The result of each UPR is reflected in an “outcome report” listing the recommendations the State under review (SuR) will have to implement before the next review. The UPR is comprised of 3 key stages:
- Review of the human rights situation of the SuR;
- Implementation between two reviews (4.5 years) by the SuR of the recommendations received and the voluntary pledges made;
- Reporting at the next review on the implementation of those recommendations and pledges and on the human rights situation in the country since the previous review.
A sad reality is that gender inequality affects us all, in one form or another. Additionally, we all know from experience that the human rights and fundamental freedoms of all women and girls are not always respected.
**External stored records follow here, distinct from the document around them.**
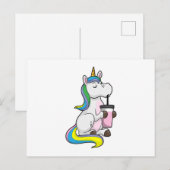 Einhorn mit Bubble Tea Postkarte (Vorne/Hinten)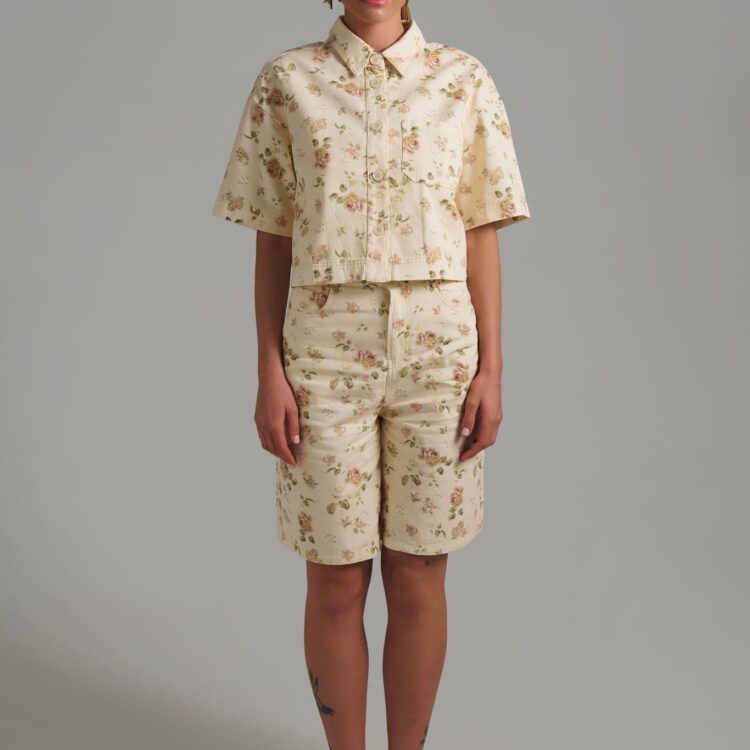 Camélia Set γυναικείο σετ τύπου denim με vintage floral print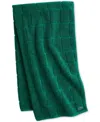 Lacoste Home Heritage Croc Scale Cotton Hand Towel, 16" X 30" In Green
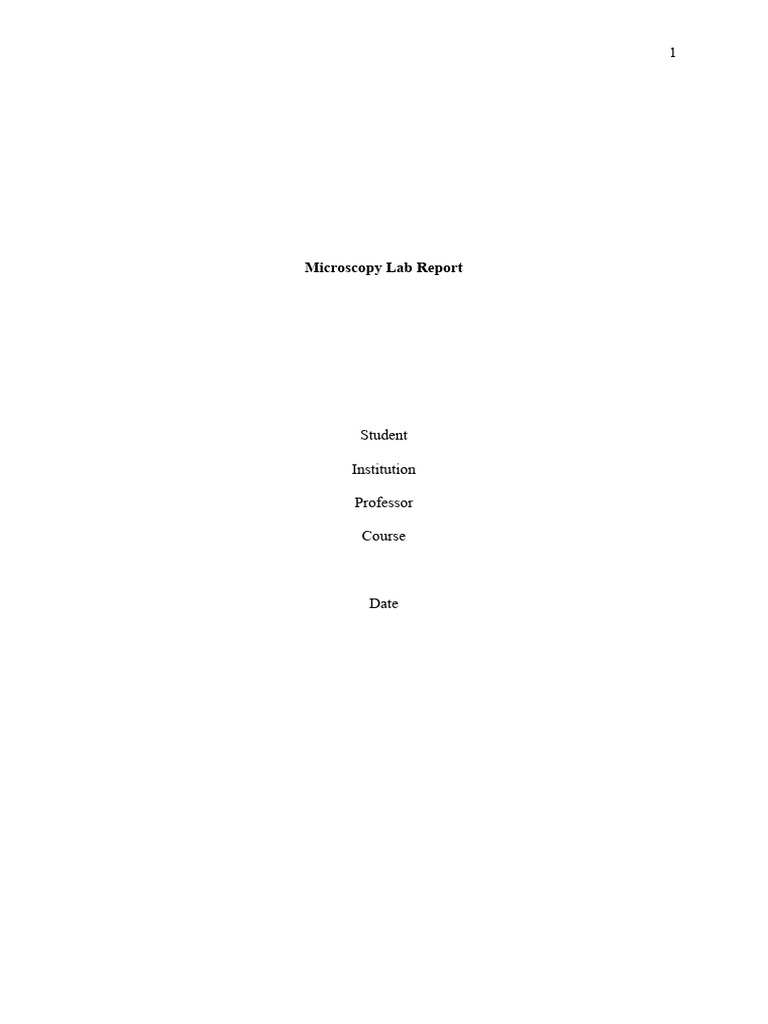 Microscopy Lab Report PDF Pottery Epidemics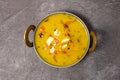 Spicy dal makhani fry or daal butter lentil served in karahi isolated on background top view of bangladesh food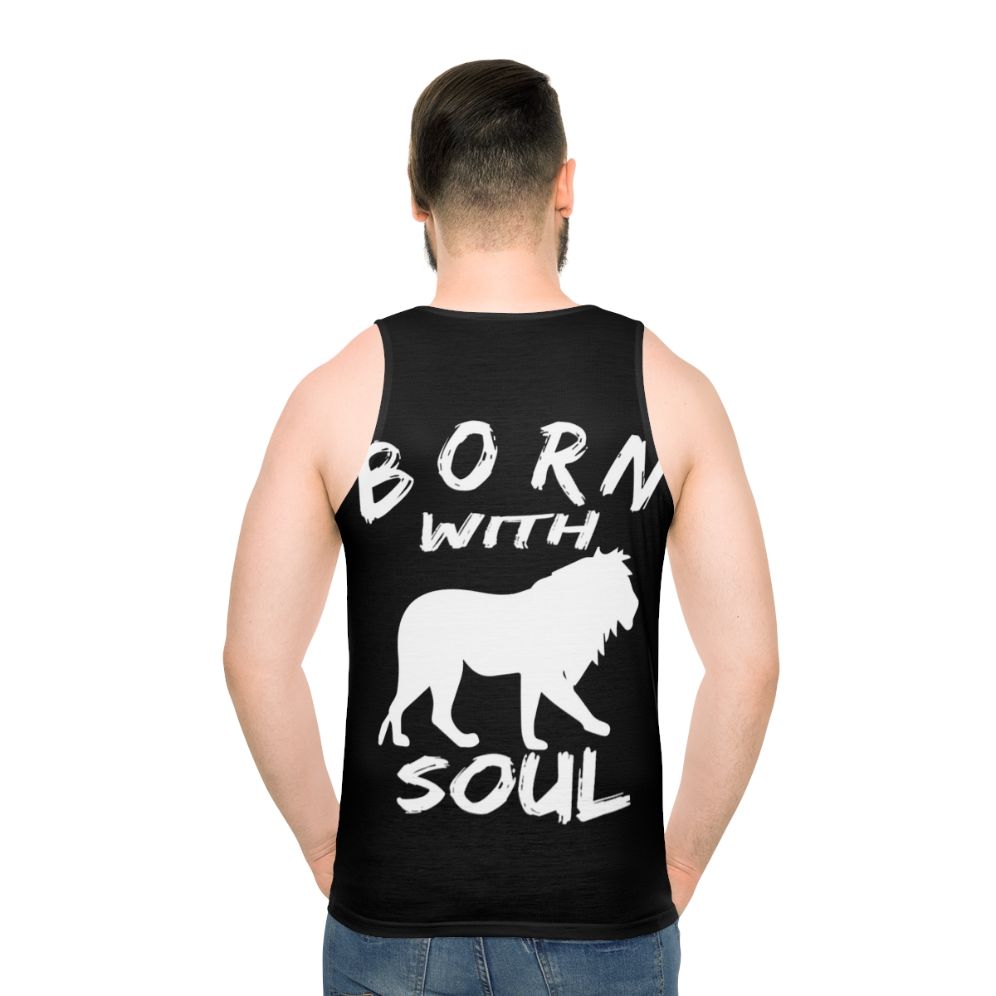 Unisex tank top with a bold lion graphic design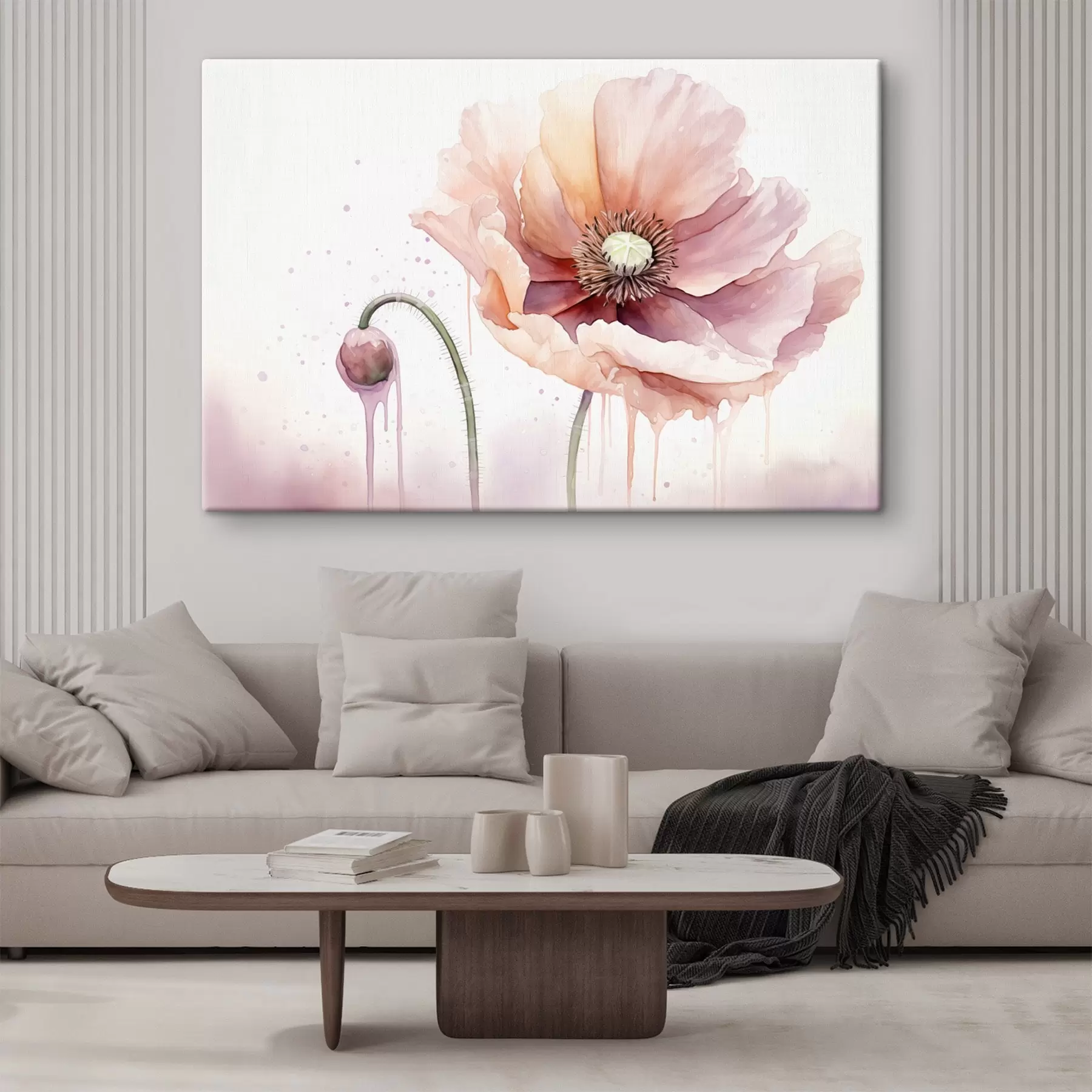 murales de pared Una flor de amapola de color rosa con un capullo sobre un fondo blanco, acuarela pintura de imitación con goteos, colores suaves s43402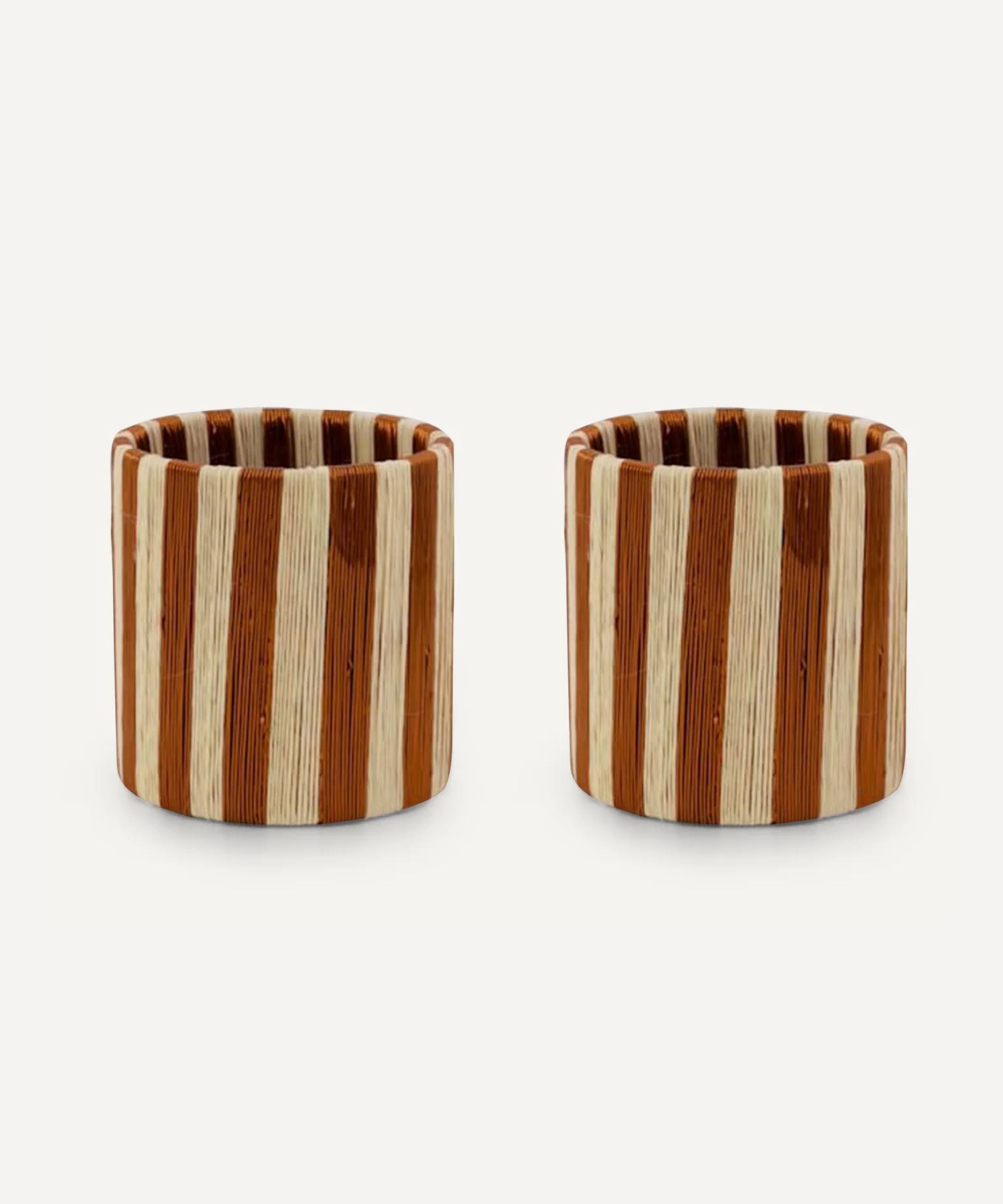 Pacifico Copper Napkin Ring Rayas, White (Set of 2)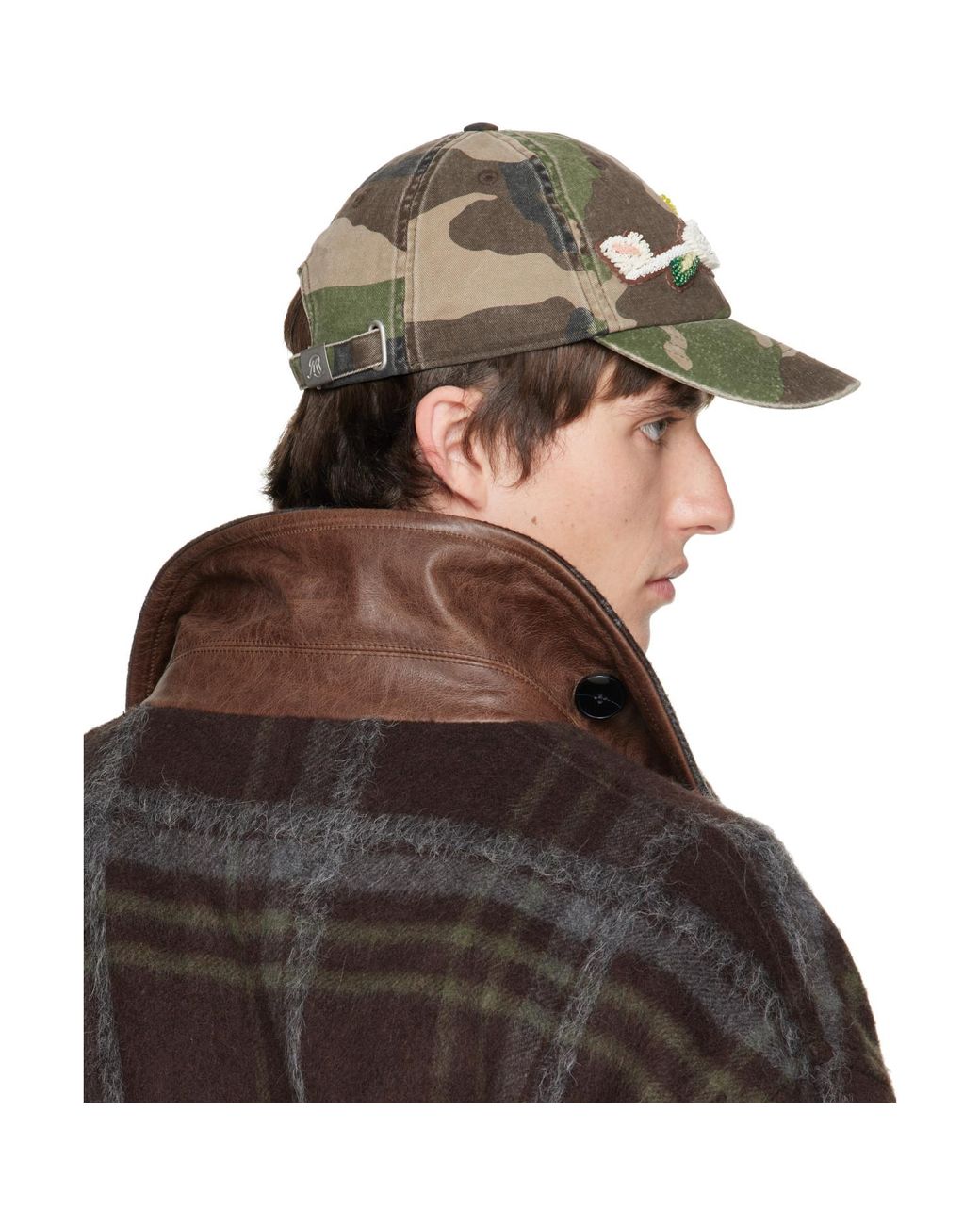 Bluemarble Black Khaki Embroidered Botanical Cap for men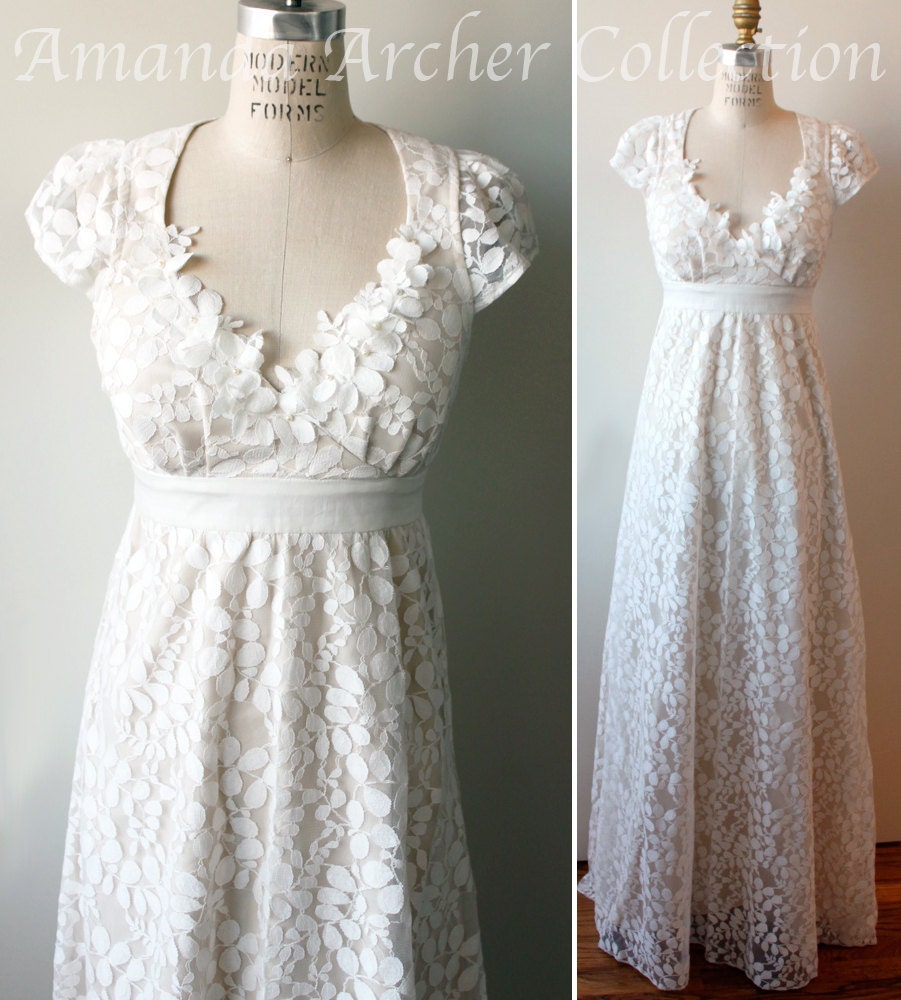Ivory Lace Wedding Gown with Cap Sleeves, Made to Order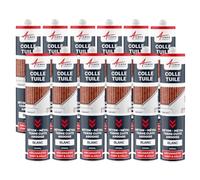 Colle Tuiles Mastic Souple Étanche Tous Matériaux 290 ml x 12 Blanc | Colle Tuiles et Joints Étanches, Forte Adhérence, Maintien Immédiat, Béton, Pierre, Zinc, Résiste aux Uv - Arcane Industries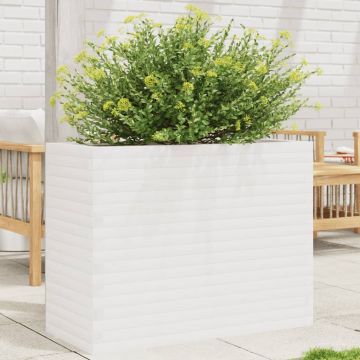 Gossi jardiniera de gradina, alb, 90x40x68,5 cm, lemn masiv de pin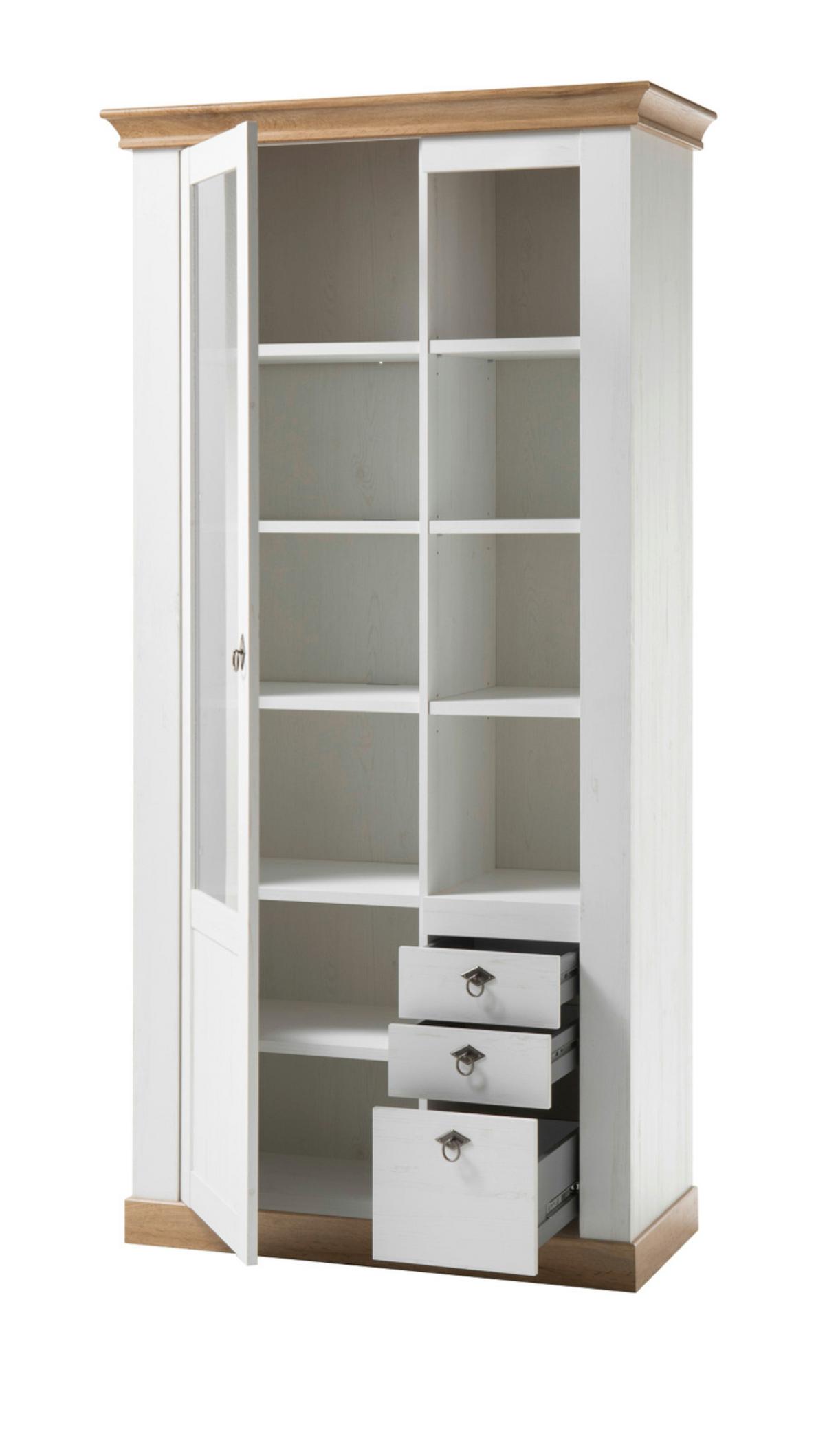 WOHNWAND 4-teilig weiß Pinie, Eiche Wotan 376 cm, Schrankwand im Landhaus-Stil - Silberfarben/Eiche Wotan, Glas/Holzwerkstoff (376/204/52cm) - Furn.Design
Thus, in order for us to ensure that “by 2035, 100 million young women and girls will transform power structures to create justice, gender equality and a world without violence and war; leading a sustainable YWCA movement, inclusive of all women”, we thus need to engage in the UPR process and ensure that states are aware of, report on and better the human rights situation at the ground level.
Under the UPR mechanism, the human rights situation of all UN Member States is reviewed every 4.5 years. 42 States are reviewed each year during three Working Group sessions dedicated to 14 States each. These three sessions are usually held in January/February, May/June and October/November of each year. Civil Society have the opportunity to submit a report about the state of human rights in their communities to the UPR in the form of reports, which will be used to review the country and take the floor during the adoption of the report at the HRC session. However, Civil society cannot take the floor; which means ask questions or make comments, during the review. During the compilation of the national reports states ought to consult with Civil Society organisations.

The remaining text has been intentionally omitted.